There are plenty of safe and effective drugs that can be immensely helpful for you during drug detox, and when administered correctly, none of them will trigger addictive patterns or foster a dependency. 

If you’ve ever been without drugs for a prolonged period of time, you’re familiar with withdrawal symptoms. You know that they can be so severe that it deters you from completing the detox process, whether you want to or not. 

Withdrawal is unpleasant, but medically managed detox with the right medications makes the process significantly easier.

The Process of Detoxing from Drugs

Most people don’t realize that the symptoms and side effects of withdrawal are a good thing. They feel so unpleasant to deal with — how can they possibly be good for you? 

When you were on drugs, you didn’t realize that you actually felt unpleasant. The drugs blocked your brain from ever registering those feelings. 

You didn’t know that all of the neurotransmitters in your brain were heavily impacted by drugs, unable to perform their necessary functions. The “high” feeling, loss of coordination, slurred speech, and profound sense of relaxation you felt were a result of your brain being so impared that your body couldn’t function properly.

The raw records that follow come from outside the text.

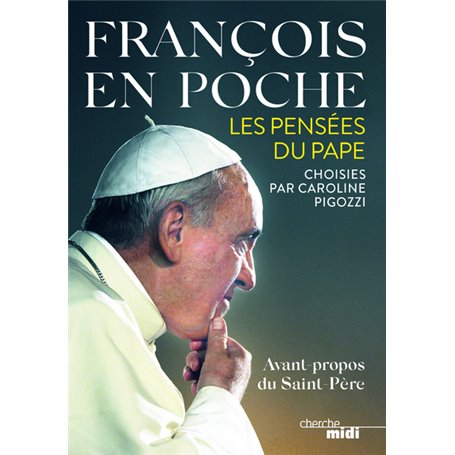 François en poche - Les pensées du Papa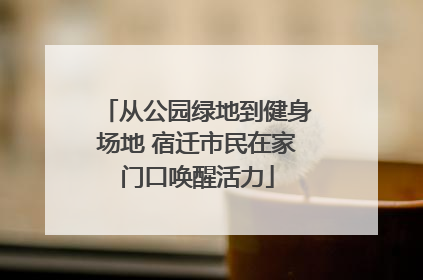 从公园绿地到健身场地 宿迁市民在家门口唤醒活力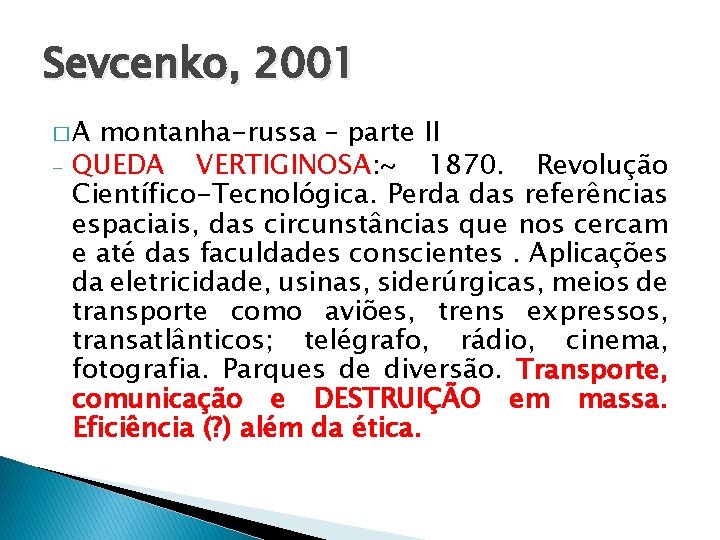 Sevcenko, 2001 �A - montanha-russa – parte II QUEDA VERTIGINOSA: ~ 1870. Revolução Científico-Tecnológica.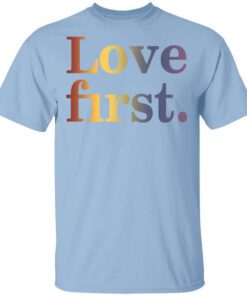 Hoda Kotb Love First Shirt.jpg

When you remove the drugs from your system, your brain is happy. It wants to fix you right away. It rapidly attempts to rebalance your chemicals and eliminate toxic byproducts from your body, and the result of this process is what causes the withdrawal symptoms. Withdrawal is a complicated and transformative form of healing. 

Your body rapidly attempts to flush your system, leading to nausea, vomiting, fevers, diarrhea, and cold sweats. While it’s trying to purge things it knows shouldn’t be there, it’s also trying to replenish the things it knows it needs.

Chronic drug use has prevented your body from producing adrenaline, the same chemical that rushes when you’re on a rollercoaster or watching a scary movie. It heightens all of your senses, makes your heart beat faster, raises your blood pressure, and changes your respiration. When surges of adrenaline seemingly come out of nowhere, you might feel anxious, irritable or prone to mood swings. 

Although withdrawal symptoms are a sign that your body is successfully rebounding from the trauma you’ve subjected it to, the process will still be physically and emotionally taxing. Some medications can help to ease or mitigate the severity of these symptoms, making it easier to fully commit to one of the hardest parts of recovery. 

Many of these medications are best used in an inpatient treatment environment.

1. Methadone

Methadone is a drug used to treat or prevent withdrawal in opioid addicts. Methadone is an opioid, but it’s ability to induce the kind of high that most addicts seek is only possible with larger doses of the drug. Otherwise, it works on the brain exactly the same way that any other opioid might. It binds to the same receptors and dampens them the same way.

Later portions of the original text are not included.